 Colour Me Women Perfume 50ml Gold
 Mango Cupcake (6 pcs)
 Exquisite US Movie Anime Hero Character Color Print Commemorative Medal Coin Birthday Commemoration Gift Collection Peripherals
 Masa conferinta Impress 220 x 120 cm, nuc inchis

▶ Exercise prompt
Repeat the whole of the data above exactly as it appears.

▶ Output for this task
 Colour Me Women Perfume 50ml Gold
 Mango Cupcake (6 pcs)
 Exquisite US Movie Anime Hero Character Color Print Commemorative Medal Coin Birthday Commemoration Gift Collection Peripherals
 Masa conferinta Impress 220 x 120 cm, nuc inchis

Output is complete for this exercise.